Depends On: ARC-005, ARC-003, ARC-017, MECH-037, MECH-062
Status: candidate
Claim ID: MECH-004

Source: docs/processed/legacy_tree/architecture/control_plane_signal_map.md

Control Plane Signal→Knob Wiring Map (E1/E2/E3)

Status: Draft / architectural note
Scope: Functional wiring (computational roles), not anatomical claims
Repo placement suggestion: docs/architecture/control_plane_signal_knob_map.md

Why this file exists

REE appears to already contain the right parts (multi-timescale prediction, memory, regime control, trajectory selection), but the causal wiring between signals and control parameters (“knobs”) has been under-specified.

This note:

names five signal classes relevant to control,
names ten control knobs already implicit in REE,
maps signal routing onto E1 / E2 / E3 and the control plane,
adds typed authority/control-store path constraints for injection resistance,
and explicitly flags an unfinished acetylcholine-like attention/gain axis.

Terms

E1 / E2 / E3 (recap)

E1 — deep / slow generative predictor (long-horizon modelling, schema/context integration).
E2 — fast / near-horizon predictor (immediate prediction, affordance generation, quick mismatches).
E3 — trajectory selector + commitment operator (selects a path/policy; maintains commitment state).
Control plane — modulatory stack that (a) integrates control-relevant signals and (b) sets meta-parameters: precision/gain, plasticity, exploration pressure, commitment interruptibility, control allocation.

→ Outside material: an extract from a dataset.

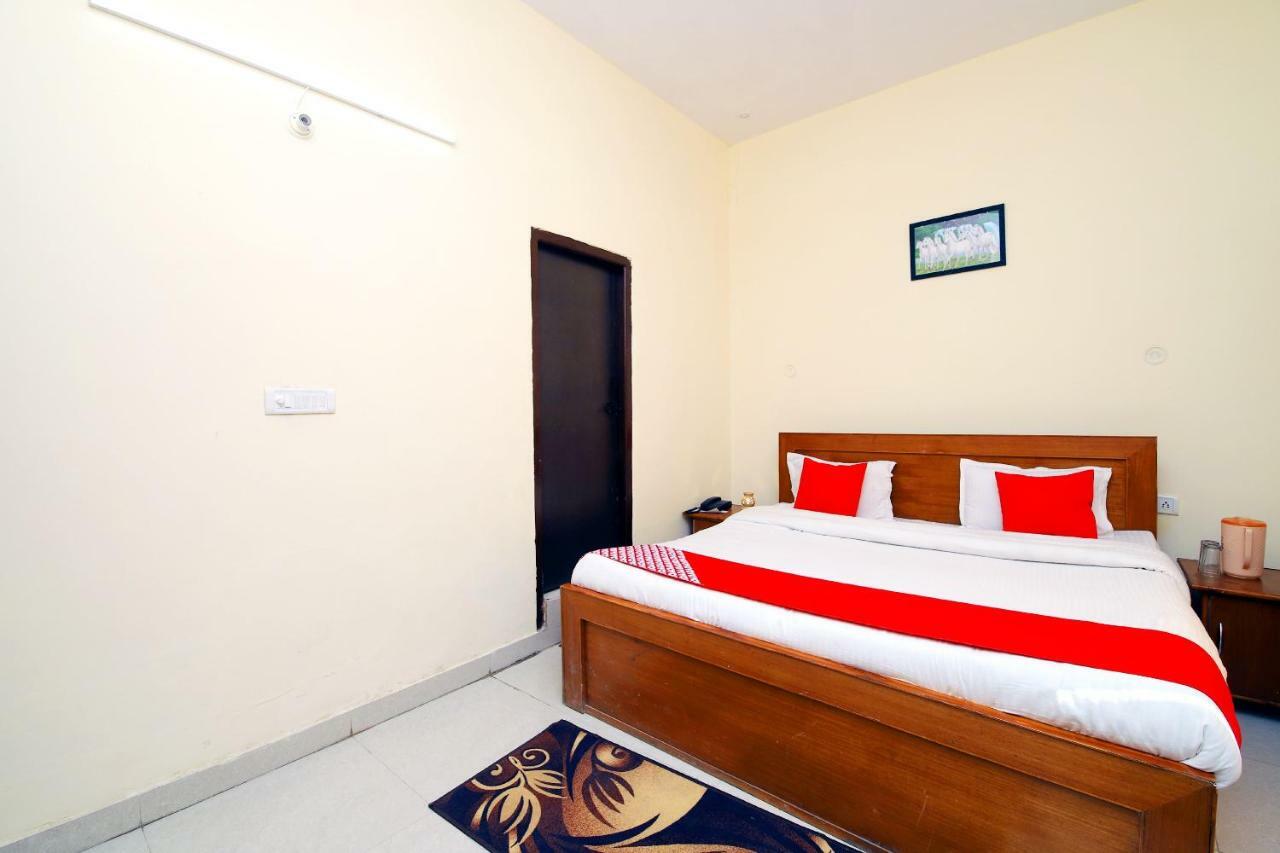 Oyo 8670 Hotel Usha Palace Mussoorie Bagian luar foto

This is a functional partition. Anatomical mappings (prefrontal cortex, basal ganglia, hippocampus, monoamines, etc.) are intentionally not asserted here.

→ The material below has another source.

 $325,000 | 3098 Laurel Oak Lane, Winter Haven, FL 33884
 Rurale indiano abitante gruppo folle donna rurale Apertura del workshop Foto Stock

Control-relevant signal classes

S1 — Outcome-linked prediction signals

What they encode

prediction mismatch (better/worse/different than expected),
outcome magnitude and timing,
surprise relative to local model.

Primary role

update internal models and memories (“error for learning”).

Typical origin

fast versions: E2 and sensorimotor micro-predictors,
slower consolidation: E1.

S1b — Signed harm/benefit prediction errors

What they encode

separate harm-related vs benefit-related prediction errors,
aversive salience distinct from appetitive salience.

Primary role

gate commitment and interruptibility under aversive spikes (habenula‑like gate),
prevent collapse into a single scalar valence channel.

Typical origin

harm/benefit stream tags plus fast control‑plane classifiers.

Outputs

signed precision weights (K2_H, K2_B) for harm vs benefit channels,
harm‑channel spikes can also elevate S3 and K10 via the aversive gate.

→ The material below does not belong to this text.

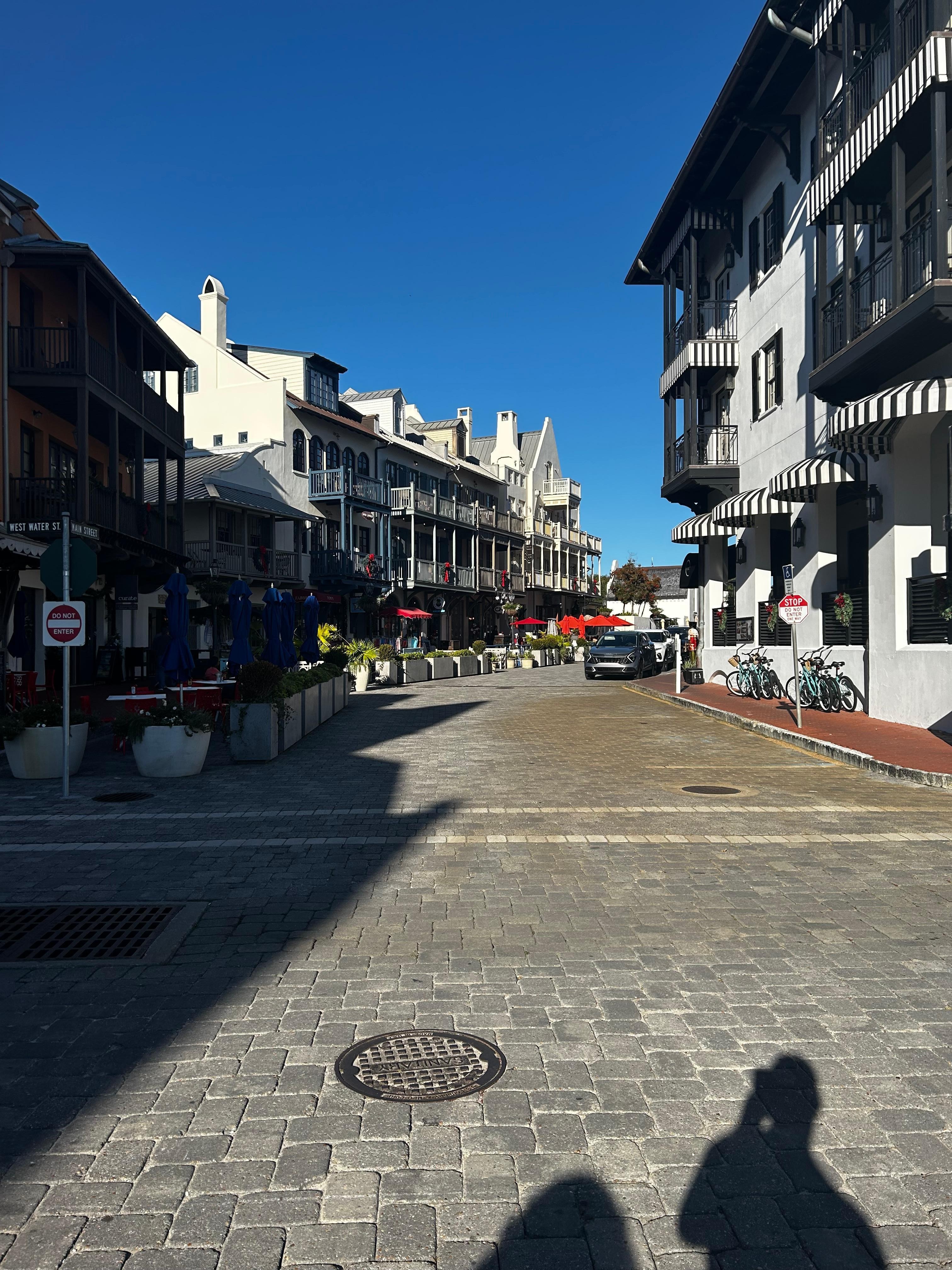 Road leading to the hotel.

S2 — Trajectory-stability signals

What they encode

whether a policy/path is holding together over time,
coherence of predictions across multiple steps,
streak viability vs volatility/drift.

Primary role

determine how strongly to keep trusting the current path (“commitment viability”).

Typical origin

cross-timescale interaction E1 ↔ E2 (stability is inherently cross-horizon),
monitoring within E3 (did the selected path remain coherent?).

S3 — Aversive / interruptive prediction signals

What they encode

anticipated harm, instability, or unsafety,
rising uncertainty that demands interruption,
“stop trusting continuing like this” signals.

Primary role

break commitment, suppress precision, widen search, and/or escalate control.

Typical origin

fast imminence: E2,
slower path-unsafety forecasts: E1,
actioned via control plane → E3 gating, plus control plane → E2 precision suppression.

Asymmetry principle: S3 is not simply “negative reward.” It has privileged access to commitment-breaking and regime-shift mechanisms.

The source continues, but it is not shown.